_Data records_:
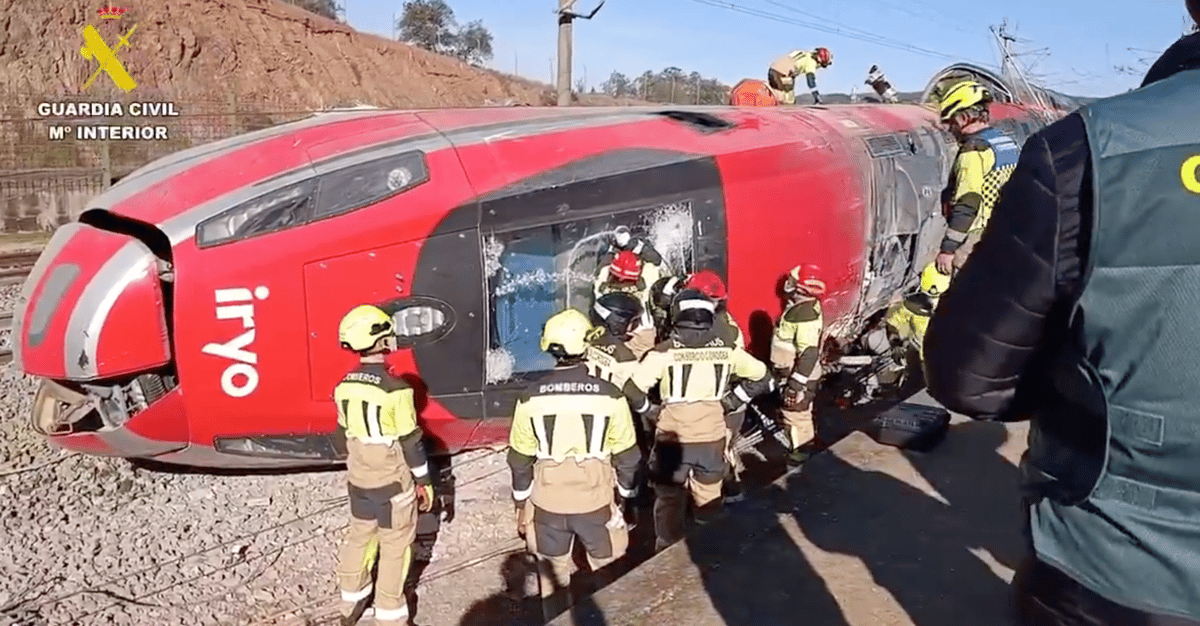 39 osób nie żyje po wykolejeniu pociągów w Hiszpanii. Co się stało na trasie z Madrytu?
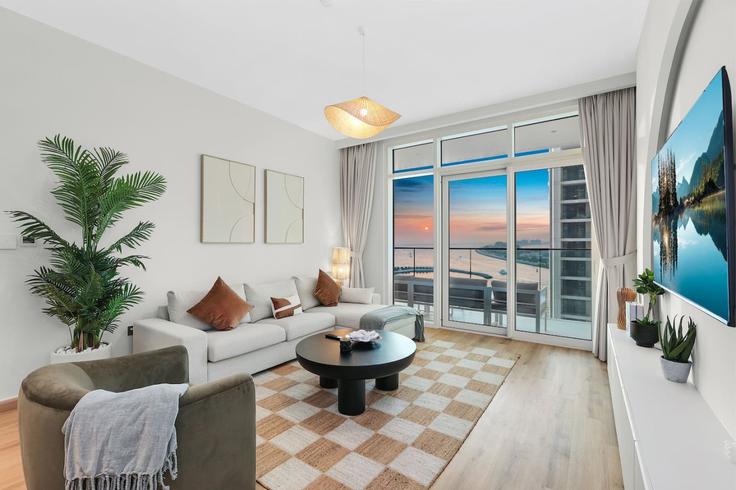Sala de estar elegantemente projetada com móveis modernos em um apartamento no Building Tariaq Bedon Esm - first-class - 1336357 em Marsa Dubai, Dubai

* * *

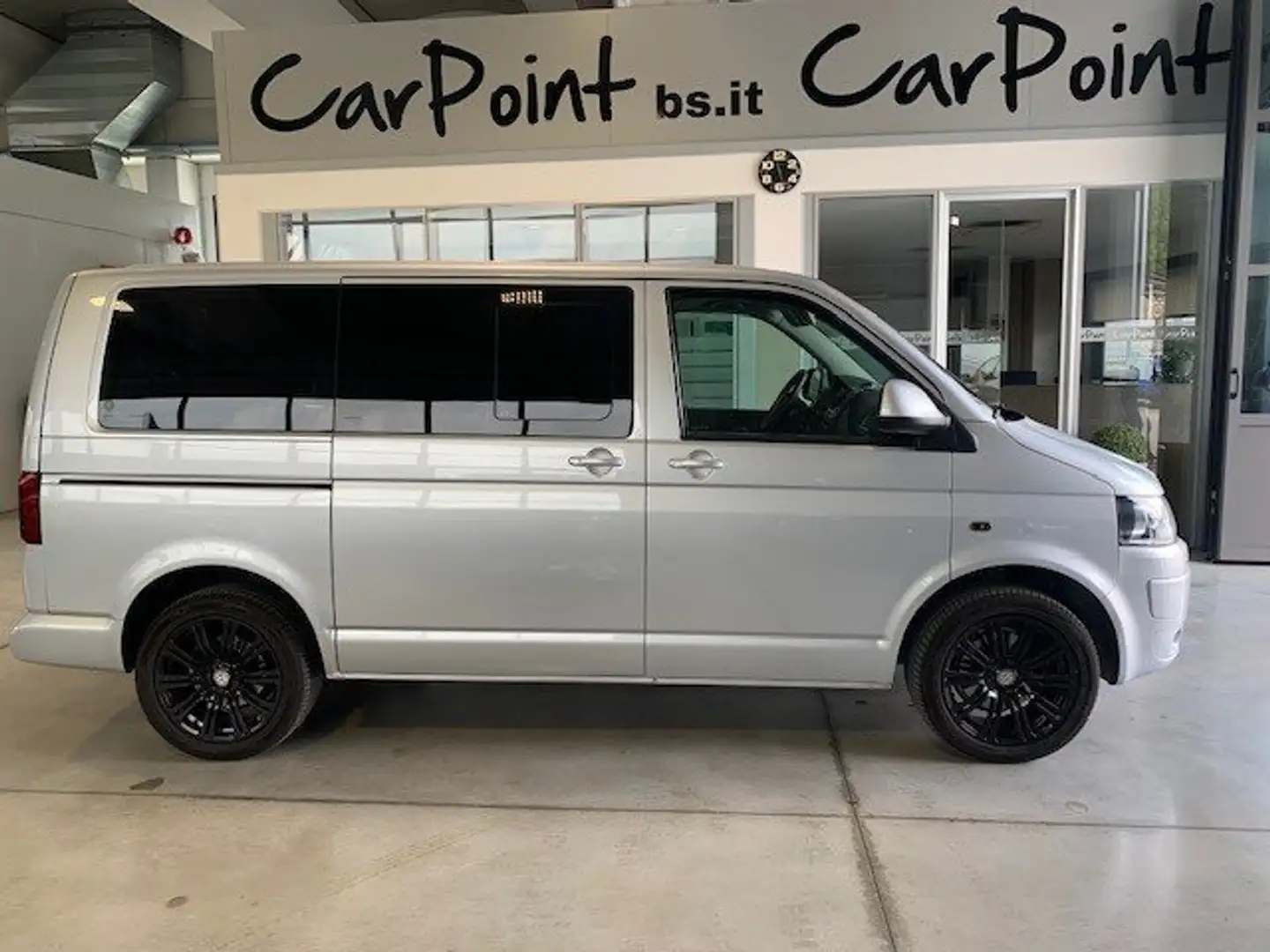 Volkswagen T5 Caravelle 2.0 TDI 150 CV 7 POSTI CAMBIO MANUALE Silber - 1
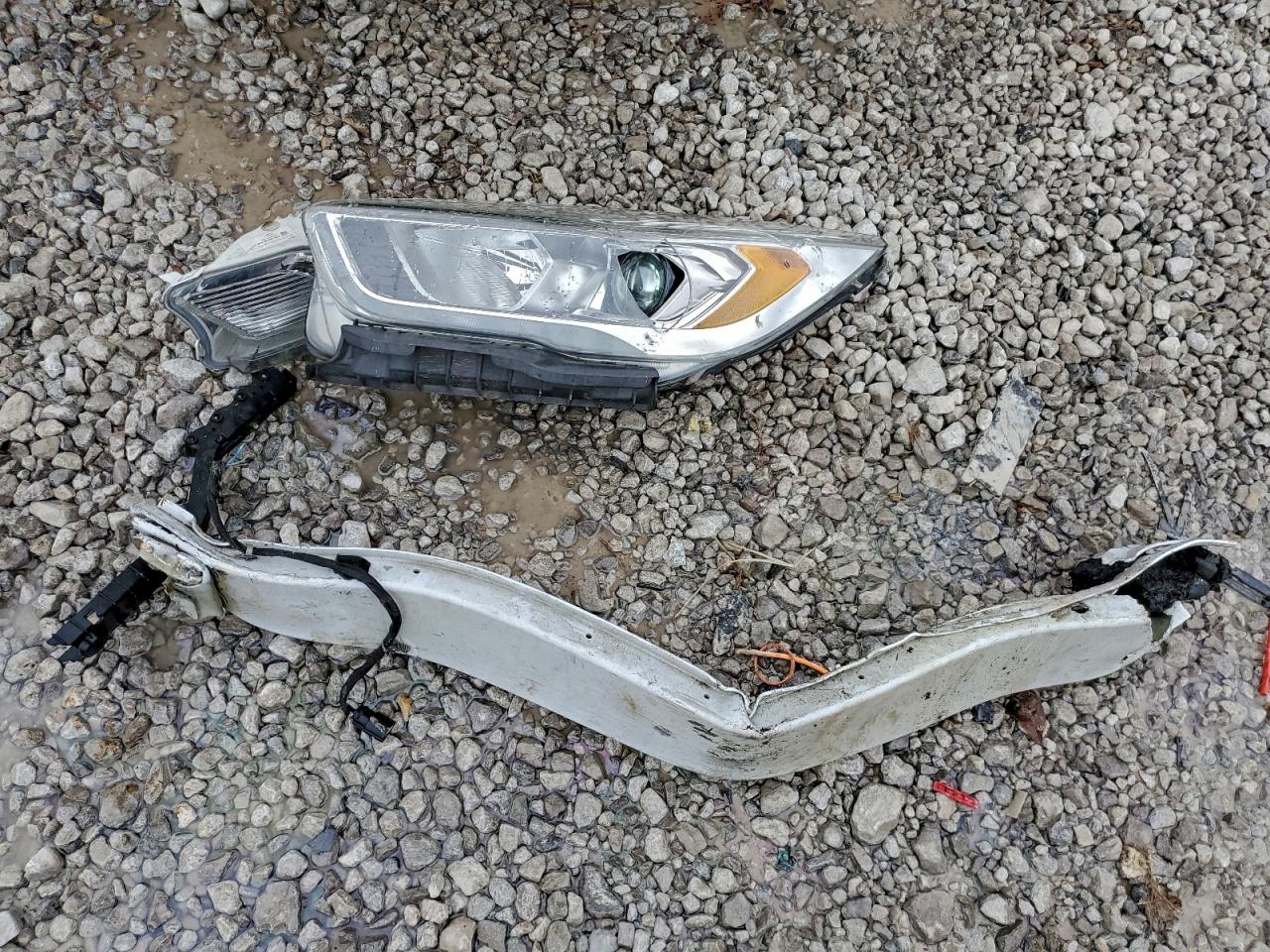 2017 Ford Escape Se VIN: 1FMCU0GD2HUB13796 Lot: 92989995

* * *

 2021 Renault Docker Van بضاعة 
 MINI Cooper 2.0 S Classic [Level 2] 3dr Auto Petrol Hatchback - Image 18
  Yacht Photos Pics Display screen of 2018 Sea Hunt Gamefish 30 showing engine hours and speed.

_What to do_: Begin with the line that has "MINI Cooper 2.0" in the listing above and end after the line that has "Yacht Photos Pics"; output those lines exactly.

_The answer_:
 MINI Cooper 2.0 S Classic [Level 2] 3dr Auto Petrol Hatchback - Image 18
  Yacht Photos Pics Display screen of 2018 Sea Hunt Gamefish 30 showing engine hours and speed.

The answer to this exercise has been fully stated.